Closed romualdszkudlarek closed 7 years ago

xep624 commented 7 years ago

@romualdszkudlarek what kind of help you need regarding this chapter?

muellerberndt commented 7 years ago

@xep624 we now have a project dashboard where every section goes through a "review" and "editing" step. Network Comm. Android has been flagged as "ready for review" (it's one of the very few sections that are already complete).

xep624 commented 7 years ago

@b-mueller thanks for clarification! If anything should be changed here, just pls let me know.

anantshri commented 7 years ago

Some Comments:

Testing for Unencrypted Sensitive Data on the Network

food for thought: Should we be going all out for full https on mobile also. even if sensitive data is suppose to be sent over https if the url's are recieved from server side initially via http connection a sslstrip kind of attack is possible.

Verifying the TLS Settings

Dynamic analysis only talks about what tools to run. It would make more sense to diffferentiate between them or inform user what to look for in tools output. (I assume some or most are sef explainatory and hence details left out then that needs to be spelled out)

Testing Custom Certificate Stores and SSL Pinning

Static analysis: Is this the only method, what about using something like okhttp and storing sha2 hashes of cert chain in it. We are referencing this in recommendation section are we suggesting anything else is wrong and only this is the correct method?

Verifying that Critical Operations Use Secure Communication Channels

MASVS Standard we are trying to check here is "V5.5 "The app doesn't rely on a single insecure communication channel (email or SMS) for critical operations, such as enrollments and account recovery."" then why are we considering email and SMS as 2nd factor of authentication or am i missing a point here and we only want to check that 2 different factors are used, no matter what.

muellerberndt commented 7 years ago

Verifying the TLS Settings

Agreed. We need up-to-date recommendations as to what the actual recommended TLS settings are.

Testing Custom Certificate Stores and SSL Pinning

It's the default method. We'll need to add additional howtos for non-standard implementations such as okhttp (actually, I'm starting to see okhttp being used quite often and happen to working on an app that uses it right now, so I can add this). In general, I don't think we we demand that things must be done a particular way, if equivalent solutions exist.
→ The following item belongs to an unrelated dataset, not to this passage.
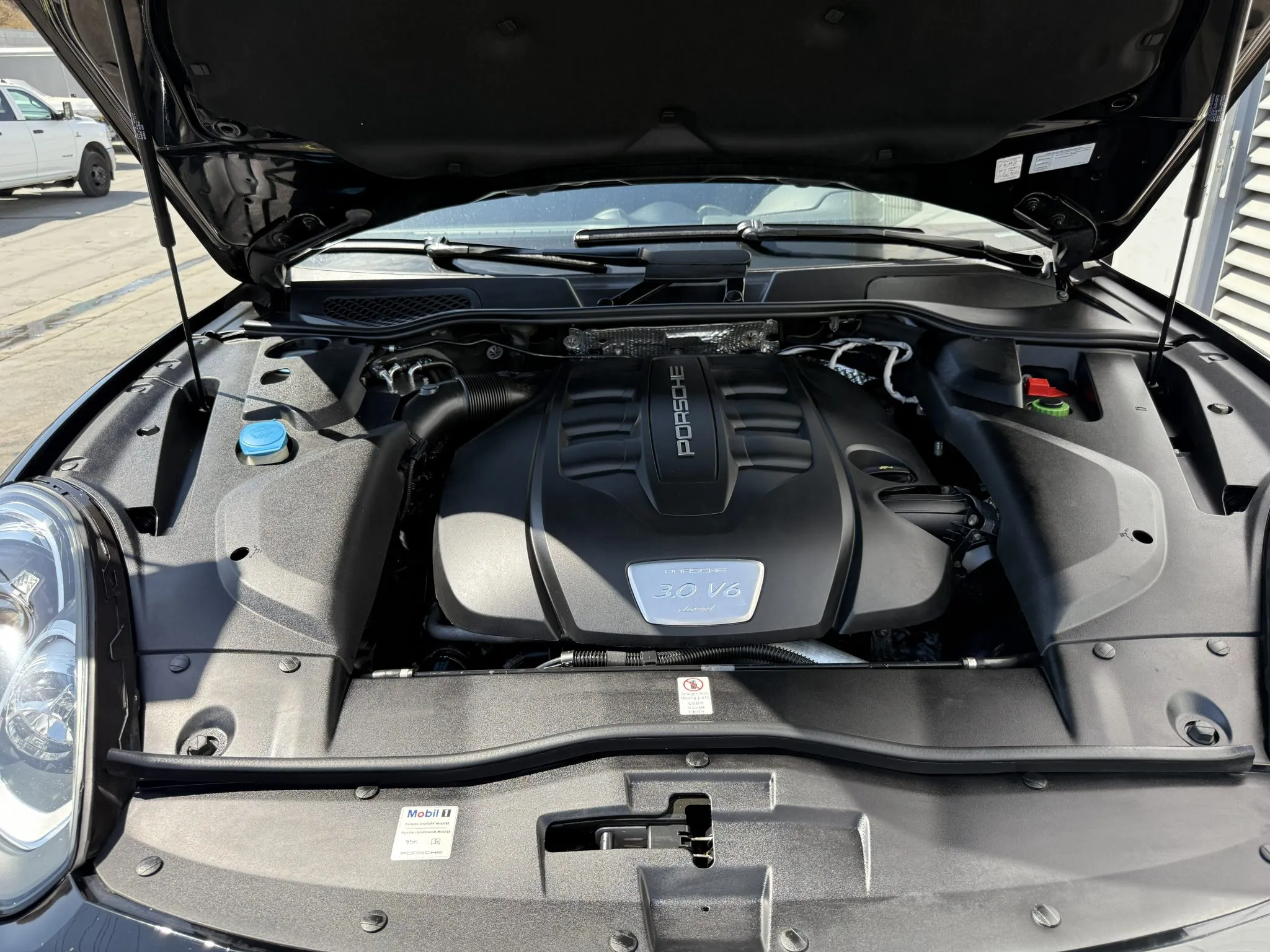 Load larger image of 2015 Porsche Cayenne Diesel - Stuttcars Classified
Verifying that Critical Operations Use Secure Communication Channels

This is a bit of a weird requirement. The idea behind it was to require 2 extra factors be combined for things like enrollments. E.g. when the user signs up to a banking app for the first time, they should sent OTPs both via email and SMS to confirm their identify. Obviously this is not feasible in all cases. This will need some more discussion.

anantshri commented 7 years ago

for cert pinning : https://developer.android.com/training/articles/security-config.html#CertificatePinning <- was looking at official documentation and this is another option suggested in it now

muellerberndt commented 7 years ago

@xep624 can you look into the required changes?
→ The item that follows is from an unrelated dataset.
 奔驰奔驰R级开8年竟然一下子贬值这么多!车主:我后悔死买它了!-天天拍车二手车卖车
xep624 commented 7 years ago

@anantshri thanks for your comments! Here are my replies regarding each of them:

Ad "Testing for Unencrypted Sensitive Data on the Network" - I don't get your point here. SSLstrip attack is remediated in cert pinning section. The point "Testing for Unencrypted Sensitive Data on the Network" should be only focused on sniffing attacks, not on breaking weak SSL configuration.

Ad "Verifying the TLS Settings" - ok, I'll add more info about the output. @b-mueller as a recommendation regarding proper TLS implementation I point to this source https://www.owasp.org/index.php/Transport_Layer_Protection_Cheat_Sheet - do you think it is not enough? What exactly would you like to add there?

Ad "Testing Custom Certificate Stores and SSL Pinning" - thanks for the link. I'll add this method also https://developer.android.com/training/articles/security-config.html#CertificatePinning.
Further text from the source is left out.